Department of Pediatric Surgery, Severance Children's Hospital, Yonsei University College of Medicine, 50 Yonsei-ro, Seodaemun-gu, Seoul 120-752, Korea.
Yonsei Med J. 2014 Jan;55(1):157-61. doi: 10.3349/ymj.2014.55.1.157.
The term benign transient non-organic ileus of neonates (BTNIN) is applied to neonates who present symptoms and plain radiographic findings of Hirschsprung's disease, but do not have aganglionic bowel and are managed well by conservative treatment. It can often be difficult to diagnose BTNIN because its initial symptoms are similar to those of Hirschsprung's disease. The aim of this study is to evaluate the clinical characteristics and proper treatment of BTNIN.

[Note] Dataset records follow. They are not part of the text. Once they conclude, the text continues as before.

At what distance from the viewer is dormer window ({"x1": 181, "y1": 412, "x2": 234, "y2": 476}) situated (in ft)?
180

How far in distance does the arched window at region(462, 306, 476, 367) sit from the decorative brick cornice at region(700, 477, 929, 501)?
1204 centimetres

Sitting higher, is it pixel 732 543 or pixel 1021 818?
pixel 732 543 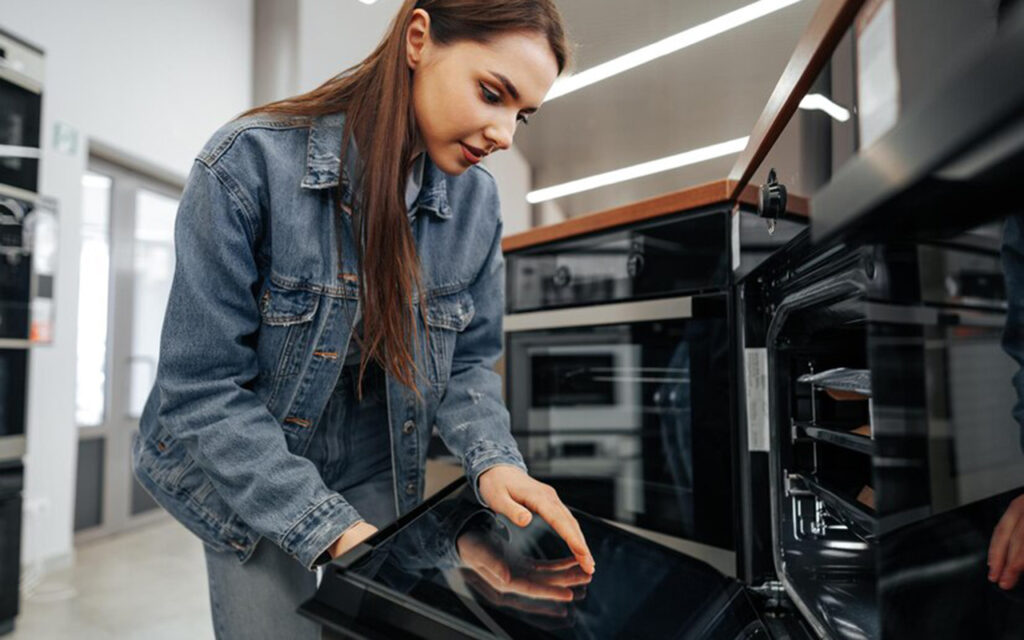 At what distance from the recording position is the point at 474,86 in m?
0.67

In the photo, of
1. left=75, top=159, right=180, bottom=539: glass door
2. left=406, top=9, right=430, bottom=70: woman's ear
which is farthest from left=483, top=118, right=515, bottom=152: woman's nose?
left=75, top=159, right=180, bottom=539: glass door

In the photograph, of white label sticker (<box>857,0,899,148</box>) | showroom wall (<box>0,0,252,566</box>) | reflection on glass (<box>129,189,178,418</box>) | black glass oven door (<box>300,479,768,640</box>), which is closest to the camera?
white label sticker (<box>857,0,899,148</box>)

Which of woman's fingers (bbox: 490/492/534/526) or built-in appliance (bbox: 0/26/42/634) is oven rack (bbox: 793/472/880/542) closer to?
woman's fingers (bbox: 490/492/534/526)

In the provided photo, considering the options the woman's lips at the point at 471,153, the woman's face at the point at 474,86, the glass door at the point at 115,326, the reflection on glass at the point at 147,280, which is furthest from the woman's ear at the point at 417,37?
the reflection on glass at the point at 147,280

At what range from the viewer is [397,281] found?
0.73 m

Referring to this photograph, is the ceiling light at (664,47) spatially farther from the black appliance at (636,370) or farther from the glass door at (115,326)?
the glass door at (115,326)

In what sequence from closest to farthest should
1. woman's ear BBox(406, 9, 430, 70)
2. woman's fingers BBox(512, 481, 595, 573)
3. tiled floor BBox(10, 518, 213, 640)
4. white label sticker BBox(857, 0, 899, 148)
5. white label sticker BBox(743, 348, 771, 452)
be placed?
white label sticker BBox(857, 0, 899, 148) → woman's fingers BBox(512, 481, 595, 573) → woman's ear BBox(406, 9, 430, 70) → white label sticker BBox(743, 348, 771, 452) → tiled floor BBox(10, 518, 213, 640)

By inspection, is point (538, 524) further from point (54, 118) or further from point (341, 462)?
point (54, 118)

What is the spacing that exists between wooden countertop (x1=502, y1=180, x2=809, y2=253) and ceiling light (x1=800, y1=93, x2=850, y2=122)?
0.63 feet

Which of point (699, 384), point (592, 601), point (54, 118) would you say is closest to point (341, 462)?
point (592, 601)

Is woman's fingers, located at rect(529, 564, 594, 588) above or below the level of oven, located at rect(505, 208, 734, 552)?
below

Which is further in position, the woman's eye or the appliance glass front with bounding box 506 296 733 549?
the appliance glass front with bounding box 506 296 733 549

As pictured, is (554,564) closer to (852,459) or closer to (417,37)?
(852,459)

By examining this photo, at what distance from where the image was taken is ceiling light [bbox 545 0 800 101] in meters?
0.79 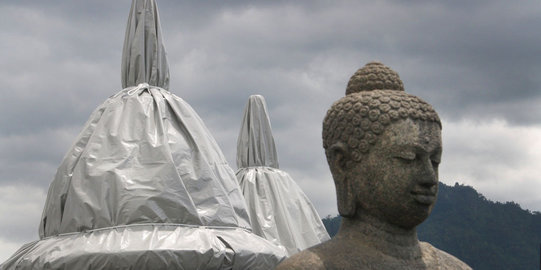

A retrospective review was made on the clinical data of 19 neonates who were treated for BTNIN between January 2008 and December 2011 at a single facility.
Abdominal distension occurred in every patient (19/19). Other common symptoms included emesis (5/19), explosive defecation (5/19), and constipation (4/19). The vast majority of patients (15/19) experienced the onset of symptoms between 2 and 4 weeks of age. Radiograph findings from all of the patients were similar to Hirschsprung's disease. A barium study showed a transition zone in 33.4% (6/18) of the patients. However, rectal biopsy revealed ganglion cells in the distal rectum in 88.2% (15/17) of the patients, and anorectal manometry showed a normal rectoanal inhibitory reflex in 90% (9/10). All patients responded well to conservative treatment. Symptoms disappeared at the mean age of 4.9±1.0 months, and the abdominal radiographs normalized.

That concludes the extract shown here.